Dado o baixo padrão de eficiência demonstrado pelas polícias e forças armadas brasileiras para lidar com o crime organizado, contrabando, tráfico de drogas e armas, migração ilegal e controle de fronteiras terrestres, alguém acredita que o setor de inteligência brasileiro teria capacidade para impedir atentados terroristas como os perpetrados contra a Associação Mutual Israelita Argentina (AMIA) e embaixada israelense em Buenos Aires, nos anos 1990, caso ocorressem no Brasil?
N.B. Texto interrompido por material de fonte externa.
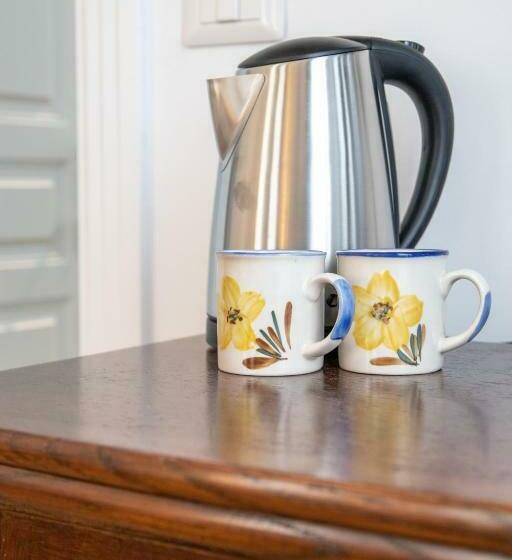 اتاق لوکس, Seven Cafe &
É sabido que parte do financiamento e planejamento logístico destes atentados passou pela embaixada iraniana em Brasília e que na região da tríplice fronteira existe uma conexão entre o crime organizado e membros de grupos terroristas como o Hamas e o Hezbolah.
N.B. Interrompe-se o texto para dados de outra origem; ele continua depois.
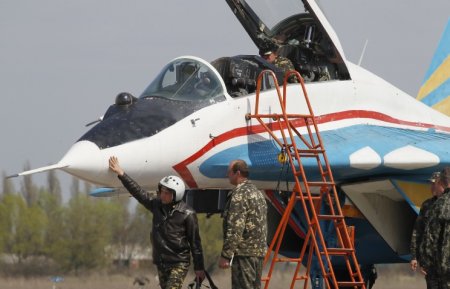 Военным летчикам дали 17 миллионов на ремонты Военным летчикам дали 17 миллионов на ремонты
Para ficar apenas neste caso célebre, em 1992 as investigações revelaram que o coordenador das operações terroristas na Argentina agiu a partir de Foz do Iguaçu. fazendo uso de um telefone atribuído a um certo XXXXXXX (Nisman & Burgos 2013b, p. 9). Esse mesmo número de telefone foi conectado a várias ligações telefônicas feitas pelo grupo operacional do atentado (Nisman & Burgos 2013a, p. 25 e p. 565). O relatório aponta ainda que o attaché Civil da Embaixada do Irã em Brasília entre 1991 e 1993, Jaffar Saadat Ahmad-Nia, era um agente da inteligência iraniana (VEVAK). Segundo depoimentos constantes do relatório, o. Jaffar teria ido à Argentina para ajudar a resolver potenciais problemas logísticos do grupo operacional para os atentados. De qualquer forma, independentemente da acusação, os registros demonstram que Jaffar entrou na Argentina no dia anterior aos ataques e retornou no dia posterior ao ataque à embaixada Israelense em Buenos Aires (Nisman & Burgos 2013b, p. 27).
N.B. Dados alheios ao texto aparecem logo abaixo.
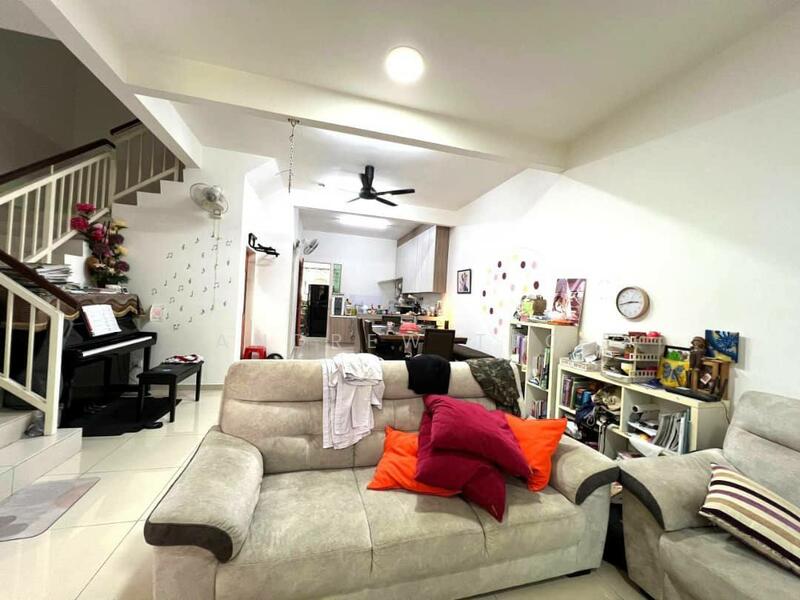 2-storey Terraced House for Sale in Johor Bahru (Johor) - Andrew Teo - Living Room - PropertyGuru.com.my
Existem inúmeros registros de atividades, desde a passagem de Moshen Rabbani pelas cidades de São Paulo, Rio de Janeiro e Curitiba, em 1984. Tanto a Agência Brasileira de Inteligência (ABIN) quanto a Polícia Federal acompanharam, em 1995, a presença de Khalid Sheikh Mohammed no Brasil. Preso em Guantánamo, ele ficou conhecido como a mente por trás dos ataques de 11 de setembro e esteve ligado a vários ataques da Al Qaeda entre 1993 e 2003. De acordo com a famosa 9/11 Commission Report, Mohammed esteve em Foz do Iguaçu em 1995, para encontrar com um contato indicado por Mohamed Atef (Abu Hafs), à época chefe operacional da Al Qaeda (9/11-Commission 2005, p. 148).
Ainda em 2016, durante a realização dos Jogos Olímpicos no Brasil, a agência antiterrorismo da Polícia Federal monitorava nada menos do que 42 indivíduos suspeitos de ligação com o terrorismo islâmico em território nacional. Não é o caso de relatar aqui a tentativa de entrada e a passagem, pelo Brasil, de inúmeros suspeitos pelo envolvimento com o terrorismo, nas últimas décadas. Basta saber que eles atuam por aqui e que num momento de acirramento da conjuntura internacional no Oriente Médio, assim como a Argentina foi o Brasil pode ser alvo de algum atentado. Conheci de perto as estruturas de inteligência federal e do Estado de São Paulo, suas capacidades e deficiências, ambas seriamente sub-dimensionadas, sub-financiadas e incapazes de lidar com este tipo de ameaça. O Brasil não é alvo por conta de sua histórica postura de neutralidade durante os conflitos no Oriente Médio e não pelo receio de detecção e antecipação pelos órgãos de segurança.
Passou da hora de o Brasil repensar sua estrutura de segurança pública e inteligência. Se não para lidar com o perigo remoto do terrorismo, ao menos para confrontar a ameaça imediata que o crime organizado e radicais impõem ao estado democrático de direito e à qualidade de vida da população.